The Great Hall and other assorted details. I let the castle sit for some time and finally came back to it this last winter with three different lines of thought.
First, I created a rough miniature representation of the castle. It’s about 4″ tall and I created it out of stoneware clay. It’s only a roughed out version of what will be (which turned out to be glaringly wrong in a number of ways), but I was starting to get a little tired of the looks I was getting. I see the castle in my head. I found that when I was describing to people what was going to be made in the future I was usually holding an invisible version in my hands and pointing to the different rooms. People started to take sharp objects out of my reach, so I thought it best to make a version normal people could see.
That done, I started to make the Great Hall, which is where people would congregate. The walls for the great hall are made out of very sturdy plywood covered with painted polymer clay formed in the shape of rock walls. Note the difference here. In my first rooms, I used plaster for the walls. Polymer clay is definitely more expensive and possibly heavier, but it has decided advantages. It stays soft for as long as you need it to do so, it doesn’t rip your hands up and it doesn’t warp the board either. My original experiment included cooking the clay on the board in my friends’ stove. Bad. The weird factor aside, I ended up having to take it all off and glue it back on anyhow. I ended up making it on aluminum foil fitted to the boards and firing sections separately.
The doors are bass wood and the front door is the only working door in the castle (though the church would end up with one as well.) It has a large wooden bar that slides across it, to fend off attackers. The entrances are as follows, 3 openings to stairways (only one visible from Great Hall) and 3 doors; front entrance, cloisters entrance and kitchen on first floor and sitting room on second.

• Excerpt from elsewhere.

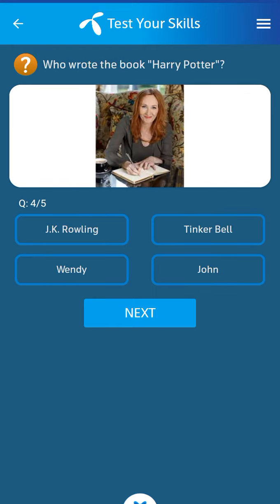Fourth question: who wrote the book Harry Potter? Its answer: JK Rowling.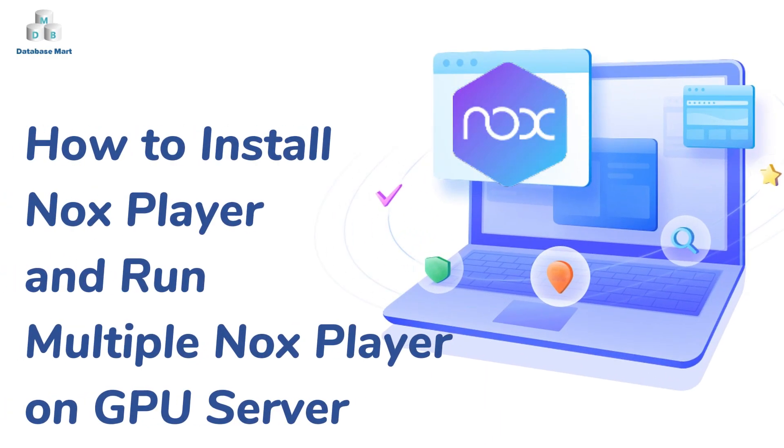This video will guide you to install NoxPlayer 6 on a GPU server and install games and Android apps with NoxPlayer.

At one end of the Great Hall, there is a wooden screen made of bass wood and various dollhouse wooden trims and findings. This makes it kind of ornate looking and does a lovely job of giving me an entrance to the sitting room as well as hiding one of the stairways. The ceiling is also wood, plain and with beams across it.
Then, there was the floor. I learned to hate this floor. Tedious and never ending it was. The sad thing is that this is not the first thing people notice when the see this room. (What they do notice is the soot marks I made over the torches. ‘It looks sooooo cool.’ Took me about 4 minutes.) Back to the floor from hell. I knew that medieval castle rooms were often brightly painted. The main colors for this room would be represented in the tiled floor made out of modeling clay. Piece by piece, forever and ever.
I had seen tiled floors throughout the British Isles, some in castles and some preserved in museums. I decided to pattern mine after that. I also used a book from a series called Medieval Craftsmen by John Cherry called Tiling. They have a number of good books on a variety of subjects ranging from stitchery to goldsmithing. This I used to create my basic pattern. I used mostly jewel tones and darker shades of them. I actually achieved an interesting effect by accident. I burned some off white tiles and gave it a very cool marbled sort of look. Within the tiled pattern, I set seals of different families and names. I was going to try to make them with a mosaic style, I decided instead to have a life again in the near future and just paint each one. The eerie thing is how much like POGs they looked before being glued into the floor. (This was a collectable fad from the early 90’s.) I chose Scottish, Irish, SCA and Deryni books by Katherine Kurtz for these seals.
A few details left on the Great Hall. Fire was a fun thing to invent for the Great Hall. First of all, I wanted some kind of heat source, but I wanted to go to an earlier method than your basic fancy fireplace. I decided on a fire basket in the middle of the room. I saw a similar one at Bunratty castle in Ireland and have seen numerous drawings since then. It’s made of polymer clay to look like wrought iron over a painted wood base. Unlike the real ones, mine had to be drilled to accommodate wiring. After adding the flame bulbs, I covered it with melted plastic covered with glued on ashes and burned wood pieces.
Next came torches. These were made from chair legs and filigree both painted black; they were also drilled to accommodate wiring. I set these into the walls. I then spent a few minutes with a candle burning soot marks above the stupid things. The reason I sound disgusted is that this simple, moronic activity impresses more people than any gazillion-houred activity in the whole castle. Go figure.